Martin Amis

A conversa com o escritor que considera sensual escrever ficção à mão
Martin Amis: “É fácil ser niilista. Difícil é escrever bem sobre felicidade”
01/04/2004

As pessoas tendem a achar que a crise da meia-idade é um clichê,

Abre lentamente a porta do escritório. O pai está frente à janela.

alguma coisa que acontece a estúpidos que não têm personalidade para atravessar a meia-idade.

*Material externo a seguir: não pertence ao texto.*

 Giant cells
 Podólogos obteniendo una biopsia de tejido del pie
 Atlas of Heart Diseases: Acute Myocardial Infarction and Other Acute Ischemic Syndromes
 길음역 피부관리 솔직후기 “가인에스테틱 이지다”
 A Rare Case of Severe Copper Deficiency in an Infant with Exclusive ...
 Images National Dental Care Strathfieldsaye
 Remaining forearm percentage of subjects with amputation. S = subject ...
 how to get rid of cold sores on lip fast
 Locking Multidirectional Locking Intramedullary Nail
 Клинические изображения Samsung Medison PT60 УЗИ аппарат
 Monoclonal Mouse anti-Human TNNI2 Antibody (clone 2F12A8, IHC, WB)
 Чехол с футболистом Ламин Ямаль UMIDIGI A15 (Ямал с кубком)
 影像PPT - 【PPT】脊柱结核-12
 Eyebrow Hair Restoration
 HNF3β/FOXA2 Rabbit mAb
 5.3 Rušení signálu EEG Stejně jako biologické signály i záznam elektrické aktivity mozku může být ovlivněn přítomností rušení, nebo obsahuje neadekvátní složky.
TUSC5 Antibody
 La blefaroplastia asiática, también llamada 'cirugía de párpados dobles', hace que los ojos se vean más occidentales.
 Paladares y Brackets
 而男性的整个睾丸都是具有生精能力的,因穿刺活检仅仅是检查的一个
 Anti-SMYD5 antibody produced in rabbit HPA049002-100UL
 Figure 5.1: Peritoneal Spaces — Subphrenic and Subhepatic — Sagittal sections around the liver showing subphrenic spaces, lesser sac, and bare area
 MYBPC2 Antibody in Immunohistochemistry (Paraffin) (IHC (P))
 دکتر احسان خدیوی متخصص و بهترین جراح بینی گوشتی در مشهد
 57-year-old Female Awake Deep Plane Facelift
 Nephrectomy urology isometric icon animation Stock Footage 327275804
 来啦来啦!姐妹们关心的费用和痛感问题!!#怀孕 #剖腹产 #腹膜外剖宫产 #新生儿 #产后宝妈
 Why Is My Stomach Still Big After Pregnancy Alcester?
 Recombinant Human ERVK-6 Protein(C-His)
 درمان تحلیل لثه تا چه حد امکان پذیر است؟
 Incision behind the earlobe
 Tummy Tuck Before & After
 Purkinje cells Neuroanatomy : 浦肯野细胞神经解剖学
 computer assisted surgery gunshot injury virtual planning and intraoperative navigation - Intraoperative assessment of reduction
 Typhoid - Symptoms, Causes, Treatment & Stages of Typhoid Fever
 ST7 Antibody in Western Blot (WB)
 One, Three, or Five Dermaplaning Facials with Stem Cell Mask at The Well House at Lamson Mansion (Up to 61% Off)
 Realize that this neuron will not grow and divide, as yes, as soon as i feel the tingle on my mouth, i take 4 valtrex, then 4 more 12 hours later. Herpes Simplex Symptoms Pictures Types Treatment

Os dedos das mãos cruzados às costas enquanto raios do sol matutino recortam sua figura. O casaco de outono,

Eu discordo.

com várias linhas soltas, os livros espalhados pelas paredes, tijolos imóveis gastos pelo vento dactiliano. A cena sofre um colapso com o tremor dos ombros e o abaixar do queixo. E quando a imobilidade retorna, é tarde demais.

Eu penso que isso é intrínseco e que uma porção de qualidades vêm à tona. Eu sinto os efeitos de algumas dessas qualidades, no bom sentido, e que a crise da meia-idade agora é passado. E eu estou melhor adaptado à idéia da morte do que estava alguns aos atrás. A vida parece mais clara.

O tempo passou.

Encurtada, mas mais clara.

O caminhão dos correios passou.

Comédia, sob meu ponto de vista, hoje precisa ter tudo. É como se os outros gêneros tivessem entrado em colapso. Nós estamos no caminho de encontrar coisas muito estranhas na comédia atual, coisas que normalmente não teriam muito a ver com comédia.

Senta-se à mesa e espera o jantar ser servido.

— Não leia à mesa.

O pai olha o corredor que dá na sala e dali para a rua. Seus olhos são bolas de vidro umedecidas mais e mais com o afundar do dedo indicador na cavidade nasal. Ninguém liga para o pequeno ponto escuro arrastado e arremessado sobre o ombro esquerdo. Menos ainda para o fato de o movimento fazer pequenas plumas flutuarem sobre a mesa, contornando cabeças. Uma delas pousa entre os fios de cabelo do pai e permanece ali, biruta psicótica sem rumo a seguir.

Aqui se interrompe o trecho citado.